> Exercise data
○ ○ ○ ○

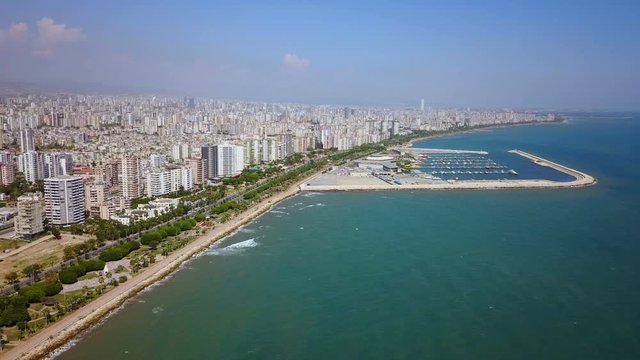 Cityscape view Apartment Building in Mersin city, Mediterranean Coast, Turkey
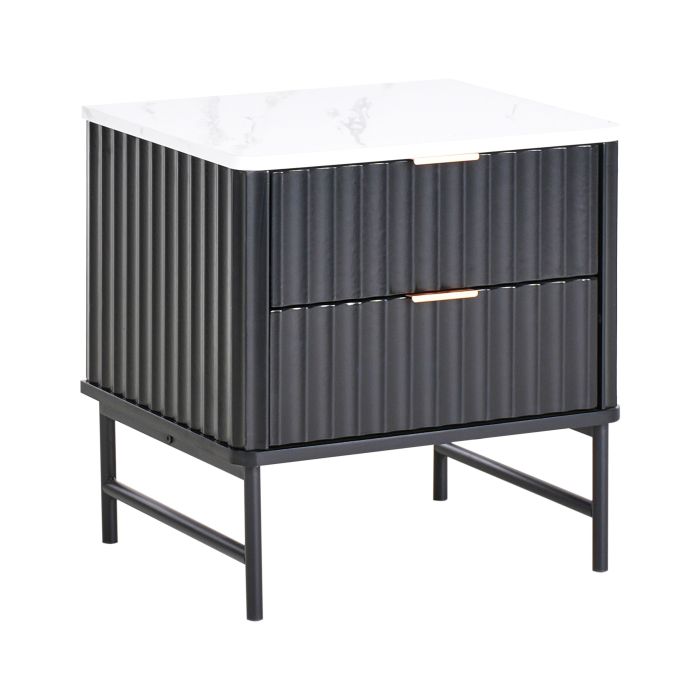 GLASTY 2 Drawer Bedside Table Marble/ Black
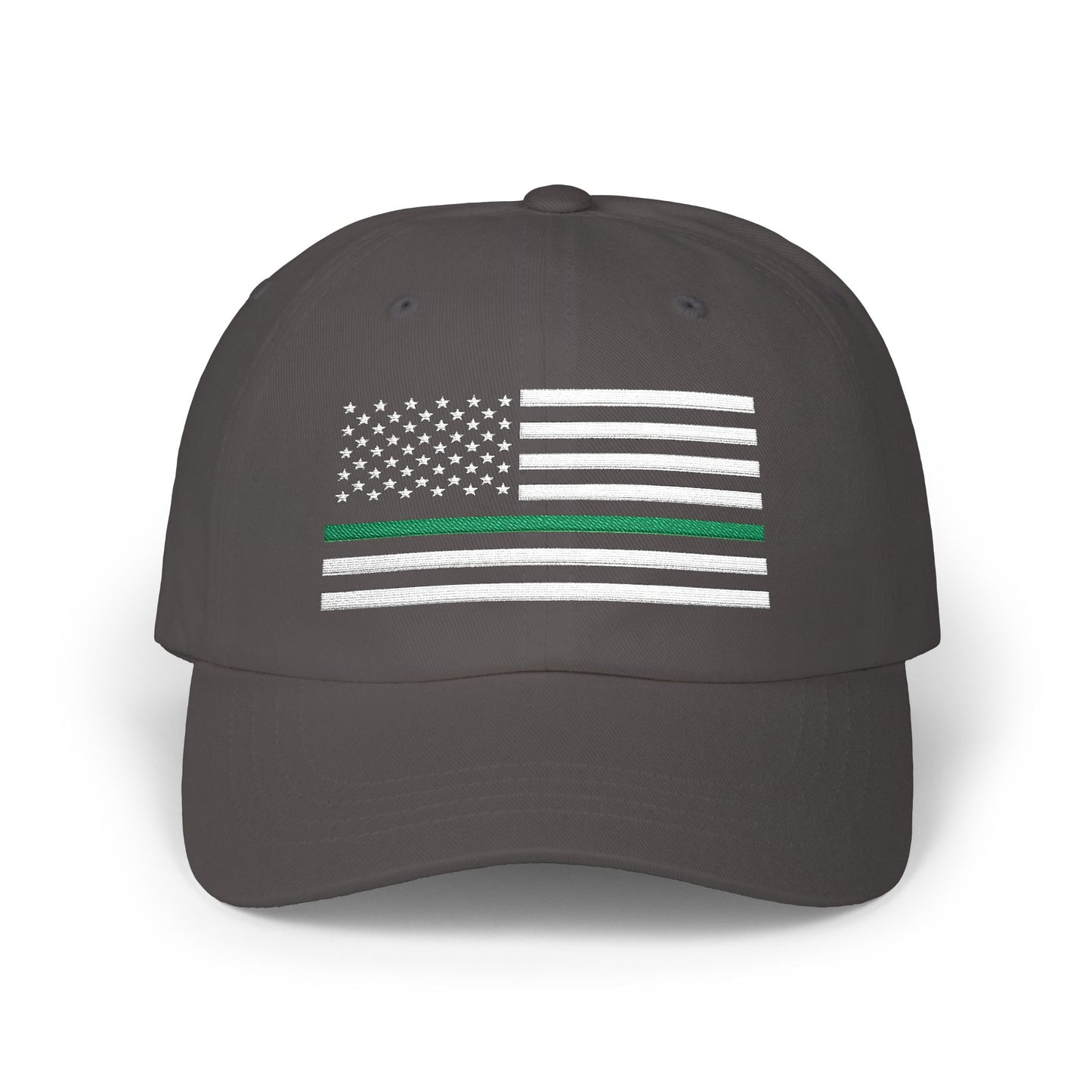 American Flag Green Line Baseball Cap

○ ○ ○ ○

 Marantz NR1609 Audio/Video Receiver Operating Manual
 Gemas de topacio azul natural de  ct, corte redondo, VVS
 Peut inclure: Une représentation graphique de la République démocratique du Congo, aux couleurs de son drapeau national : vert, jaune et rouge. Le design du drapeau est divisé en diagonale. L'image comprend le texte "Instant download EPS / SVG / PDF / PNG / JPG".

○ ○ ○ ○

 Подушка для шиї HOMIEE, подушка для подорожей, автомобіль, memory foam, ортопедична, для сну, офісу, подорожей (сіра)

○ ○ ○ ○

> What you have to do
What do the entries above read from the line containing "Cityscape view Apartment" through the line containing "American Flag Green Line Baseball Cap"? Output those lines exactly, both ends included, with the pictures left out.

> Task answer
 Cityscape view Apartment Building in Mersin city, Mediterranean Coast, Turkey
 GLASTY 2 Drawer Bedside Table Marble/ Black
 American Flag Green Line Baseball Cap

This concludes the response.